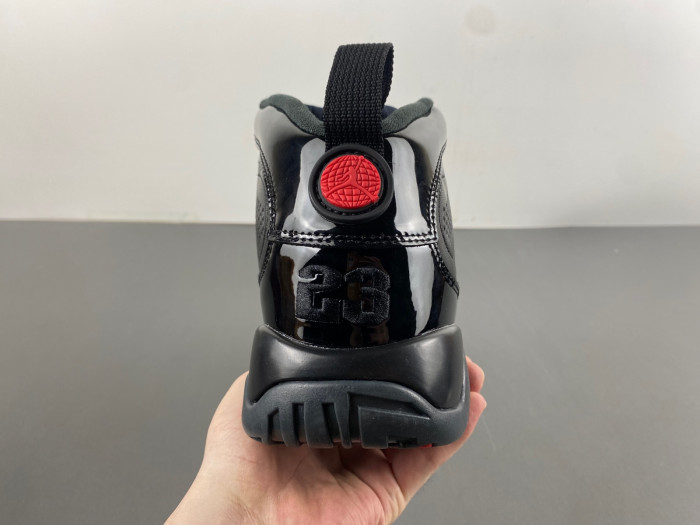 Air Jordan 9 Retro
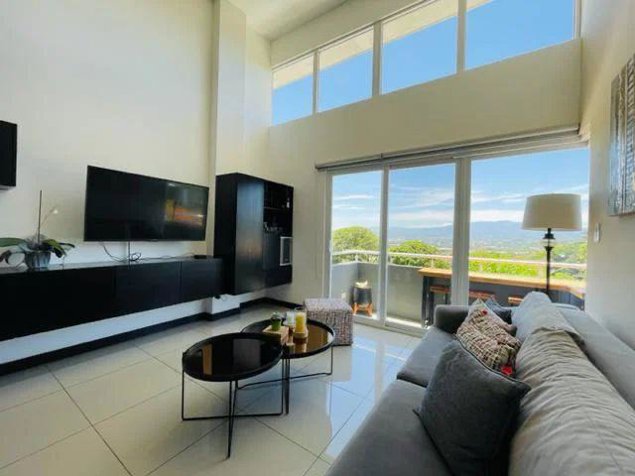 Apartamento en Venta en Condominio Tempo in Santa Ana, San José — $210,000 - Photo 2 of 26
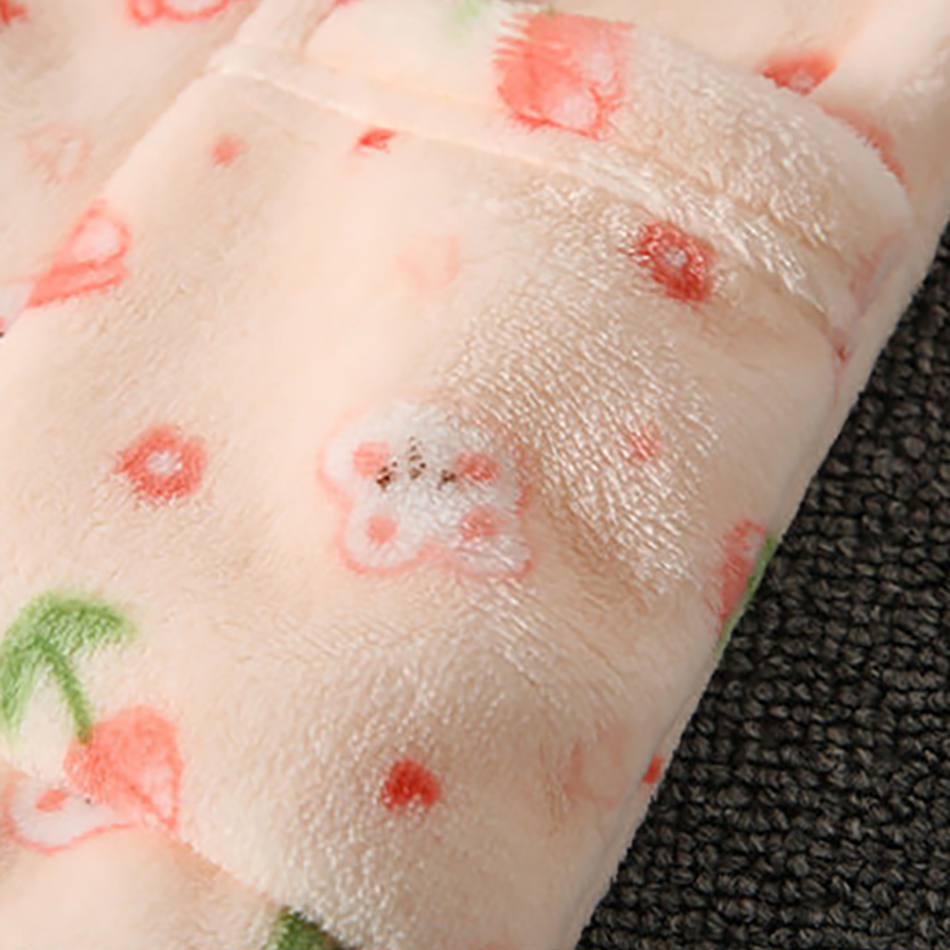 Winter Kids Pajama Set Coral F - Winter Clothing List recensie en prijs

++++++++++++++++++++

- [Activity] Copy the listing in full and without alteration, omitting every picture.

- [Your solution]
 Air Jordan 9 Retro
 Apartamento en Venta en Condominio Tempo in Santa Ana, San José — $210,000 - Photo 2 of 26
 Winter Kids Pajama Set Coral F - Winter Clothing List recensie en prijs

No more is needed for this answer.